GIVEN INFORMATION:
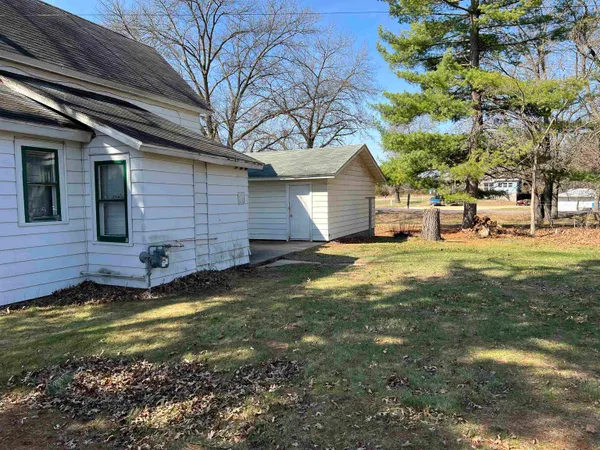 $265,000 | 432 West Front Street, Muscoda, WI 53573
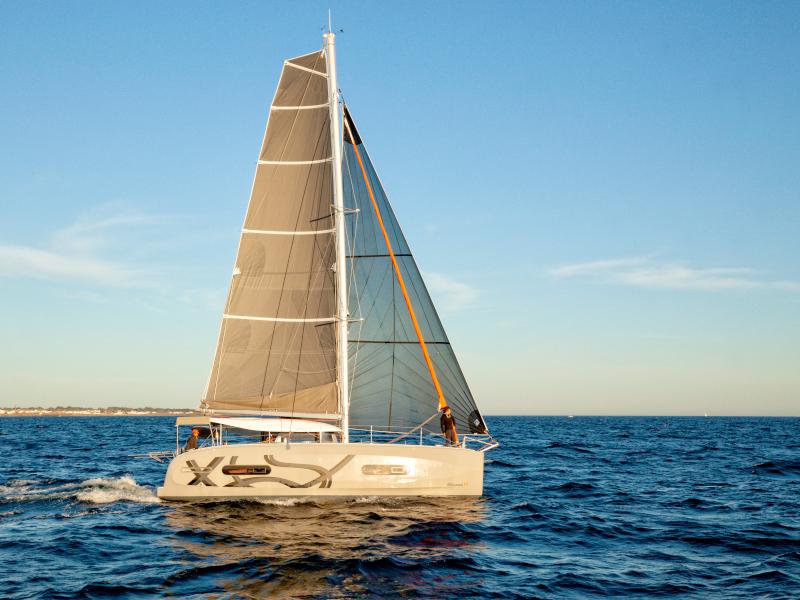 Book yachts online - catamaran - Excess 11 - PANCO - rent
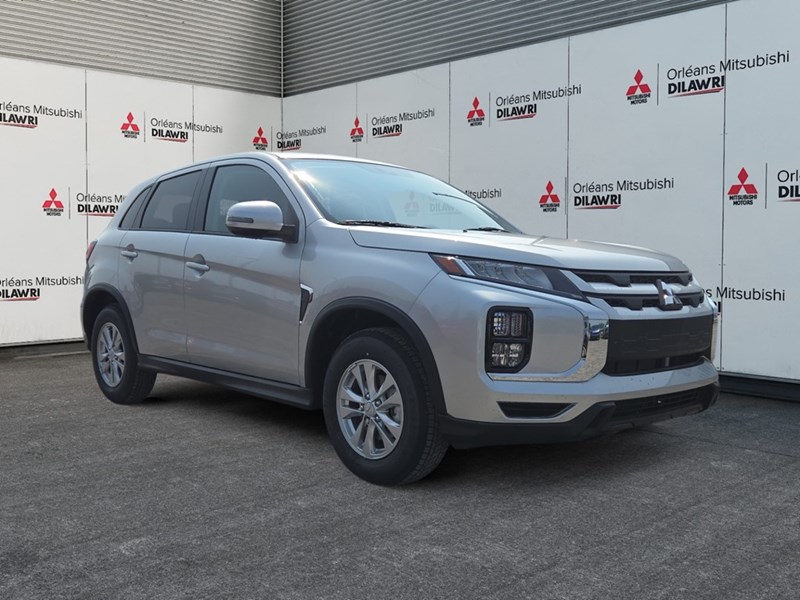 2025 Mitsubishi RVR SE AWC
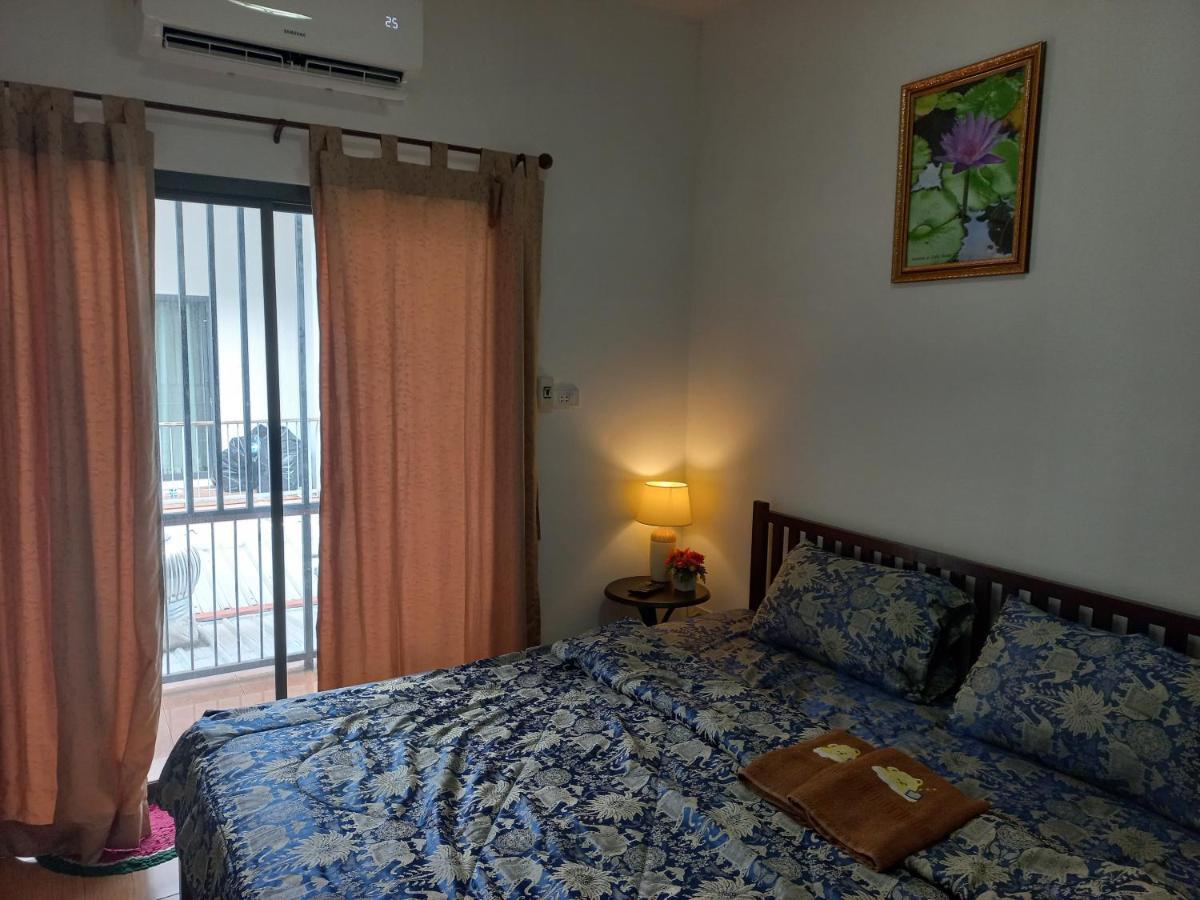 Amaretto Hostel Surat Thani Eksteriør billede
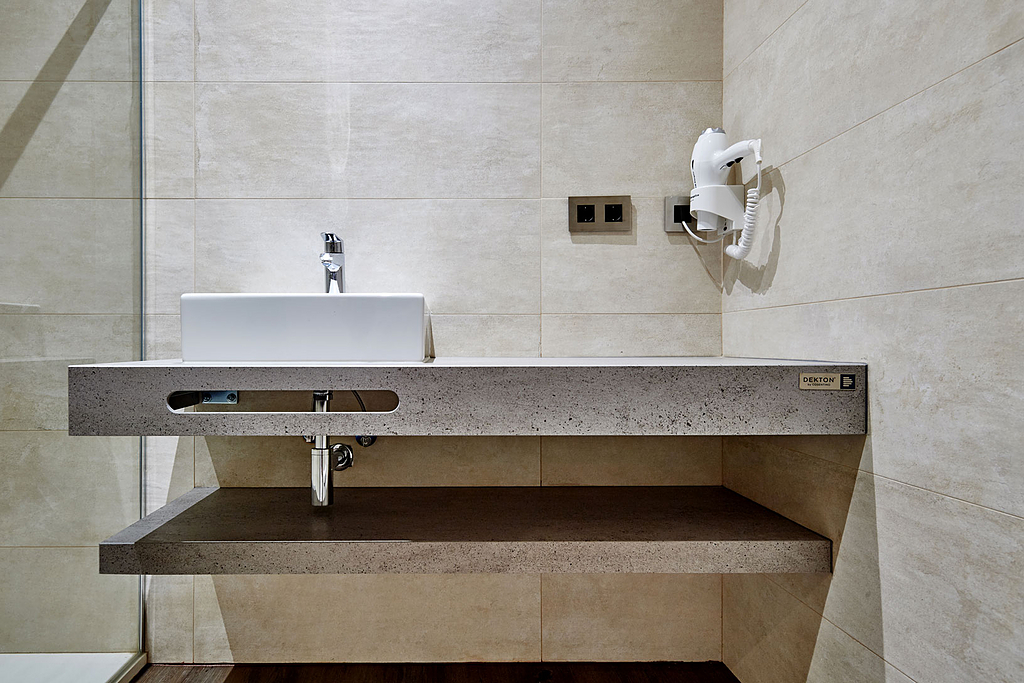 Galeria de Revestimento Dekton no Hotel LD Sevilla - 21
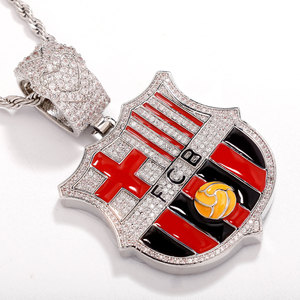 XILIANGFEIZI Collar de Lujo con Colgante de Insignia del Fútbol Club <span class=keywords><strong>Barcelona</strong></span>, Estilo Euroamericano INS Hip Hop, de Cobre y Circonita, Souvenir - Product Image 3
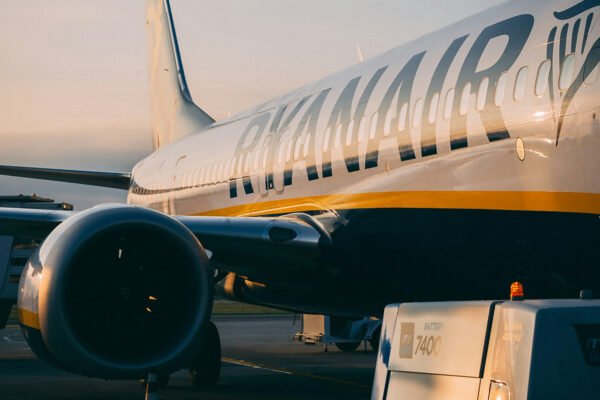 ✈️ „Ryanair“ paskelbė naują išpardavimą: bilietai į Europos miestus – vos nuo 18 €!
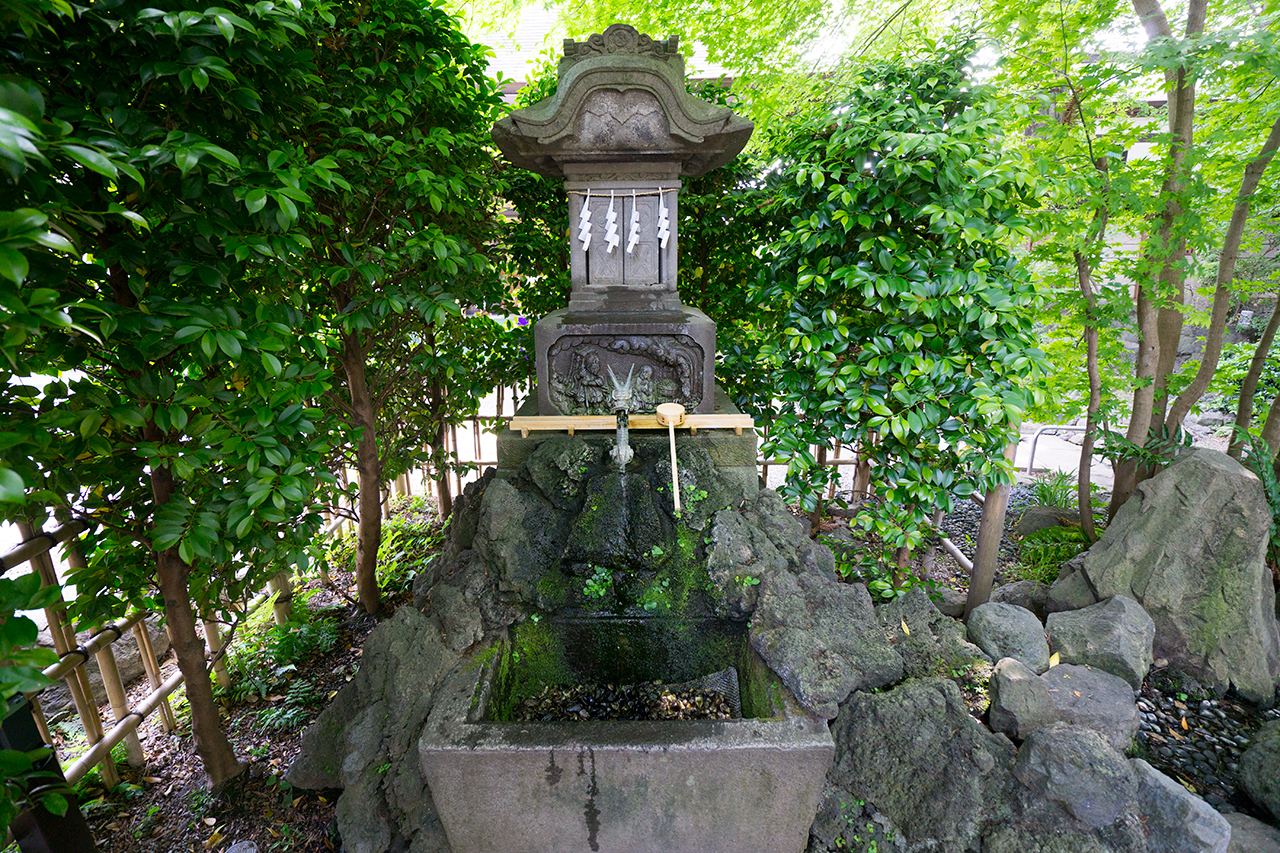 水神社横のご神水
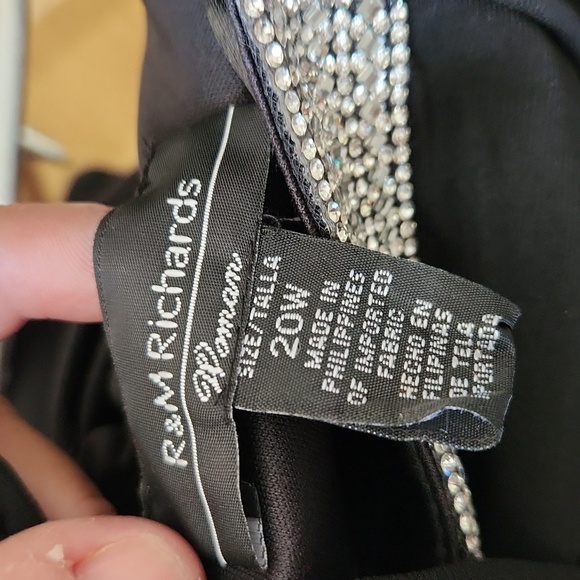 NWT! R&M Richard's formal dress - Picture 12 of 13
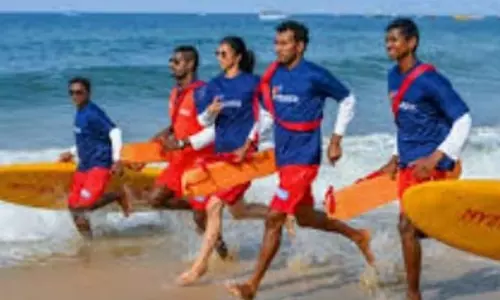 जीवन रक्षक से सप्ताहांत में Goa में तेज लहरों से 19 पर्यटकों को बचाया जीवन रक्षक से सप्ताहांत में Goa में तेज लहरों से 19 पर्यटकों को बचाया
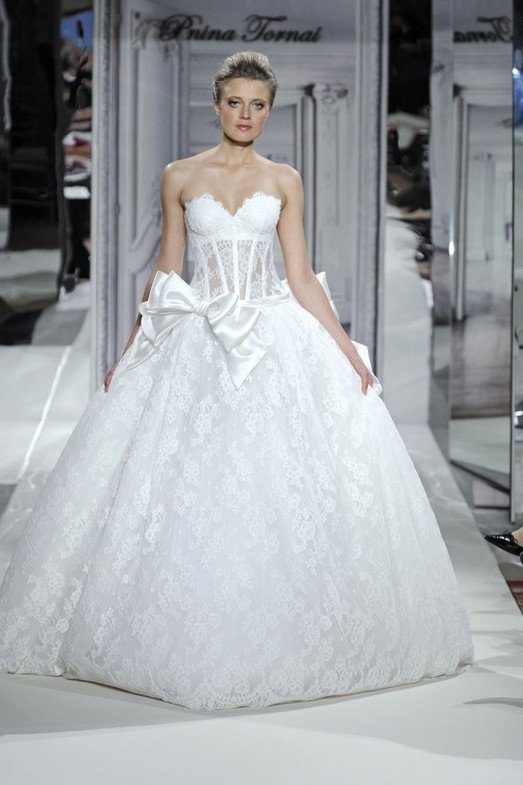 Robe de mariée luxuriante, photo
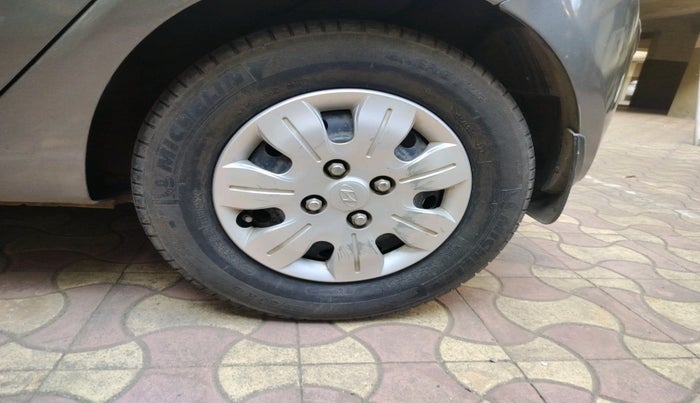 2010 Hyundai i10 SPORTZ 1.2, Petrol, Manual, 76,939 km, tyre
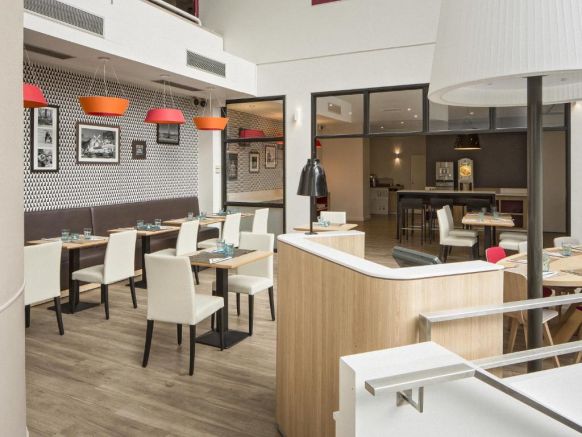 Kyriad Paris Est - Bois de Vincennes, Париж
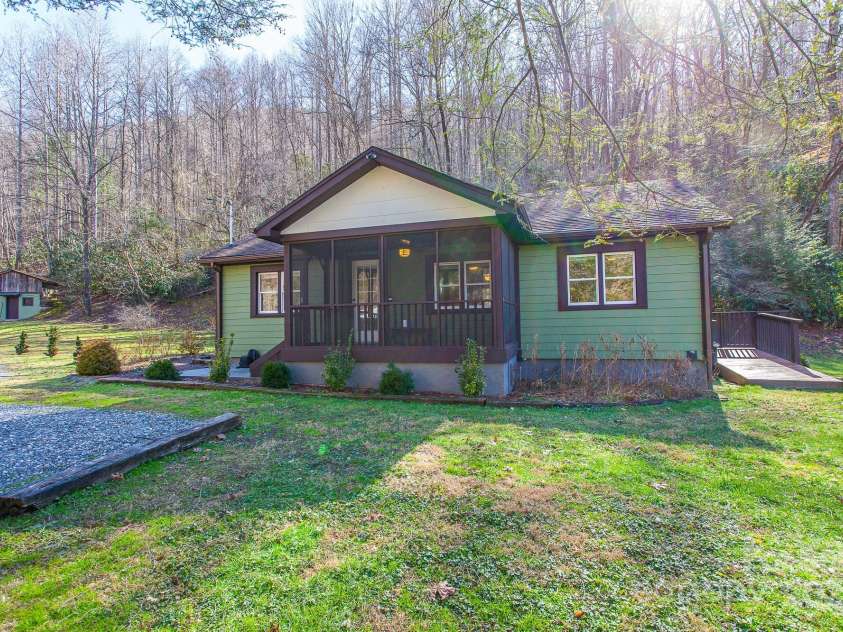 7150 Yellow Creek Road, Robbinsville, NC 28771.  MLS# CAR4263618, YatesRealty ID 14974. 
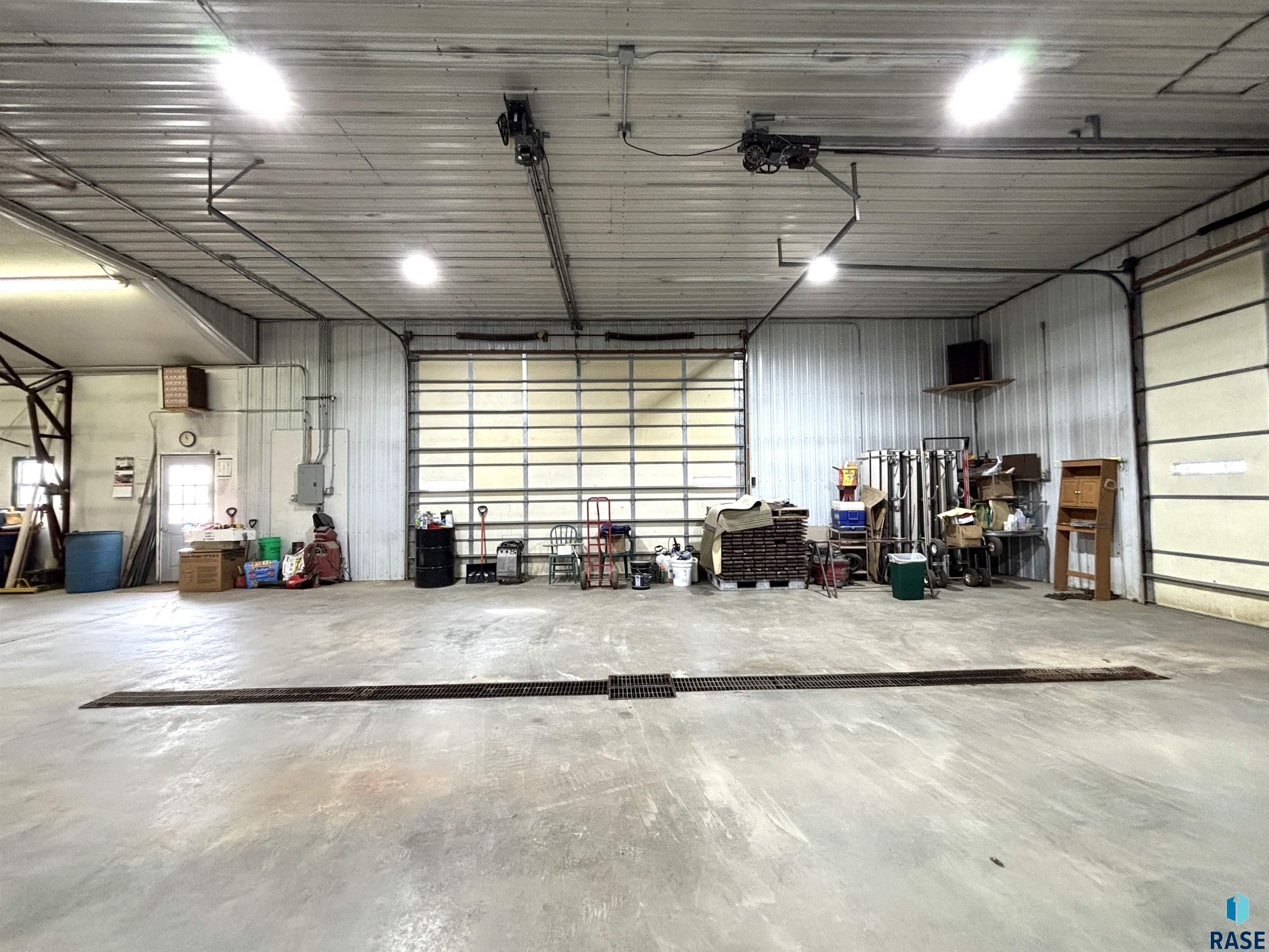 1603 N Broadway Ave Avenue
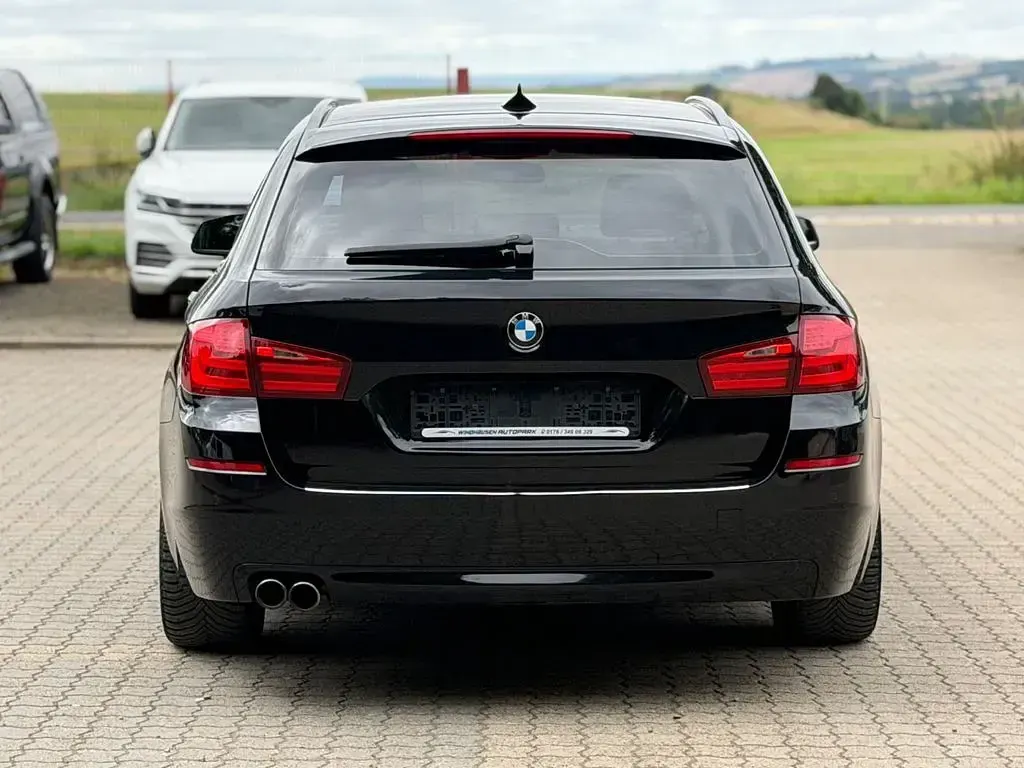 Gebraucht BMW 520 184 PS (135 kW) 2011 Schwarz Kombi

WHAT TO PRODUCE:
Restate word for word the lines from the line with "XILIANGFEIZI Collar de" to the last line of the records above, inclusive, and omit every picture.

RESULT OF THIS TASK:
 XILIANGFEIZI Collar de Lujo con Colgante de Insignia del Fútbol Club <span class=keywords><strong>Barcelona</strong></span>, Estilo Euroamericano INS Hip Hop, de Cobre y Circonita, Souvenir - Product Image 3
 ✈️ „Ryanair“ paskelbė naują išpardavimą: bilietai į Europos miestus – vos nuo 18 €!
 水神社横のご神水
 NWT! R&M Richard's formal dress - Picture 12 of 13
 जीवन रक्षक से सप्ताहांत में Goa में तेज लहरों से 19 पर्यटकों को बचाया जीवन रक्षक से सप्ताहांत में Goa में तेज लहरों से 19 पर्यटकों को बचाया
 Robe de mariée luxuriante, photo
 2010 Hyundai i10 SPORTZ 1.2, Petrol, Manual, 76,939 km, tyre
 Kyriad Paris Est - Bois de Vincennes, Париж
 7150 Yellow Creek Road, Robbinsville, NC 28771.  MLS# CAR4263618, YatesRealty ID 14974. 
 1603 N Broadway Ave Avenue
 Gebraucht BMW 520 184 PS (135 kW) 2011 Schwarz Kombi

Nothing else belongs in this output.